La clarté de la lampe
Vient jouer sur sa tempe,
Et fait briller ses yeux
Mystérieux.

À côté d'elle éclate
Une fleur écarlate,
Dans un mince et changeant
Vase d'argent.

Le chat qu'elle protège,
Aussi blanc que la neige,
Rêve sur des coussins
Aux grands dessins.

Sur les chenets de l'âtre
Rit la flamme folâtre
Et s'embrase le feu
Vermeil et bleu.

Dans tout ce qui l'entoure
La Liseuse savoure
Les beaux luxes qui font
L'oubli profond.

Elle boit la meilleure
Tranquillité de l'heure,
Ainsi que les gourmets
Un doux vin.

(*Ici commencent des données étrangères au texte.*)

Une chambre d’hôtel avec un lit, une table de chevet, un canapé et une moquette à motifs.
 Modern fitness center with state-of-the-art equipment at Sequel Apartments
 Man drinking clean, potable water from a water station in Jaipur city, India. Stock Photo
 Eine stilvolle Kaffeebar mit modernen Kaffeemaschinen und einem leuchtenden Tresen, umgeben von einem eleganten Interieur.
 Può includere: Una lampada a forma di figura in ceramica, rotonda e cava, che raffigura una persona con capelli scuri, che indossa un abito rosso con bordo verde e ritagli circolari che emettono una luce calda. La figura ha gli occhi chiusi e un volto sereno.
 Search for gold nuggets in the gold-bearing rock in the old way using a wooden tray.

Mais

Tout à coup, quelque chose
Touche sa bouche rose
Et baise, en mille jeux,
Son sein neigeux.

Quel est l'esprit farouche
Qui baise cette bouche
Et palpite, ingénu,
Sur le sein nu ?

C'est la belle Strophe ivre
Qui s'échappe du livre,
En arrachant son flanc
Du feuillet blanc,

Et s'évade frivole,
Et vole, vole, vole,
Murmurant à l'entour:
Amour! Amour!

Sous la folle caresse
Troublée en sa paresse,
La songeuse qui lit
Soudain pâlit;

On voit, pleine d'extase,
Tressaillir dans le vase
Même la fleur de sang;
Et le chat blanc

S'étire dans le vide,
Ouvre sa bouche avide
Et laisse voir les dents
Qui sont dedans,

Sentant, subtile bête!
Qu'au-dessus de sa tête,
Près de son fin museau
Passe un oiseau.

 

in Nous Tous (1884)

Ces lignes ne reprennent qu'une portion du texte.